* The problem *
Show every line below where "Jeep" can be found.

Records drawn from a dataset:
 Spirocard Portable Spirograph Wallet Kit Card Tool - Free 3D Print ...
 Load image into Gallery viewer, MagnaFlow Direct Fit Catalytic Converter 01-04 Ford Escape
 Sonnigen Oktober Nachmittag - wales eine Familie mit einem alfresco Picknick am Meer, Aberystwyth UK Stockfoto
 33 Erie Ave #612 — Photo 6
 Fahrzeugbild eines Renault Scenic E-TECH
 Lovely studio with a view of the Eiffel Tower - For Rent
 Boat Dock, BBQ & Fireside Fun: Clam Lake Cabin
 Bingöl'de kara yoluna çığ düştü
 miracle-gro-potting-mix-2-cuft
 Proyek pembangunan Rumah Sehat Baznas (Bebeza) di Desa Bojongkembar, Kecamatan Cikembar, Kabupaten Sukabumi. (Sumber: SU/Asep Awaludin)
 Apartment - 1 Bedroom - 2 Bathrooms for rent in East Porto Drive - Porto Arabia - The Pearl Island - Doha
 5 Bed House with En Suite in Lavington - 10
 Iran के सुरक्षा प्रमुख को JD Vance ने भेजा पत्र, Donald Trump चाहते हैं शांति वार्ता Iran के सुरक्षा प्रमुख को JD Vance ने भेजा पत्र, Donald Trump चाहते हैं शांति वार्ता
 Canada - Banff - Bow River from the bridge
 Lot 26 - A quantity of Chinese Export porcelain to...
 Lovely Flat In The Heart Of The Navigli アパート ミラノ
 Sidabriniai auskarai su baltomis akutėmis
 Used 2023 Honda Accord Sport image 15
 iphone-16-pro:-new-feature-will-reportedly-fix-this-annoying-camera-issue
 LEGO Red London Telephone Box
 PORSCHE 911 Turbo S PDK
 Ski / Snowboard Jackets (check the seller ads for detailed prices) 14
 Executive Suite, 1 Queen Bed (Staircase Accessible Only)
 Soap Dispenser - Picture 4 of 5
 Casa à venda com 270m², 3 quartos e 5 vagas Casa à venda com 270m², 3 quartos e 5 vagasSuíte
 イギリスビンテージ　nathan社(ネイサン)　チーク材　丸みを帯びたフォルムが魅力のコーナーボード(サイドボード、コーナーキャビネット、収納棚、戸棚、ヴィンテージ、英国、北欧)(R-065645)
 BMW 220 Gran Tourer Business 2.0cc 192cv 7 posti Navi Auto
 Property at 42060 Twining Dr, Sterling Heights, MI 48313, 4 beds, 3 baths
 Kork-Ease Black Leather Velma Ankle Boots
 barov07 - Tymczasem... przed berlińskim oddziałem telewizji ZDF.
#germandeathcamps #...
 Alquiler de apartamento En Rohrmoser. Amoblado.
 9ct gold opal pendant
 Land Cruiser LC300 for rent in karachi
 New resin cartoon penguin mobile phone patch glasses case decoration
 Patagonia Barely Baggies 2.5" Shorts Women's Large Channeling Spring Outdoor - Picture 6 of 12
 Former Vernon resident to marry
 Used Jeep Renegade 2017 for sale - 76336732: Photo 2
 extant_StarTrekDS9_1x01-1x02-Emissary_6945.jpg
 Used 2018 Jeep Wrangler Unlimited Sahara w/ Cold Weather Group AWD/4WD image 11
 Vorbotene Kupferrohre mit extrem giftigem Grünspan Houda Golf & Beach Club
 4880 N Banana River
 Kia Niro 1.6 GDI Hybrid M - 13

* Task solution *
 Used Jeep Renegade 2017 for sale - 76336732: Photo 2
 Used 2018 Jeep Wrangler Unlimited Sahara w/ Cold Weather Group AWD/4WD image 11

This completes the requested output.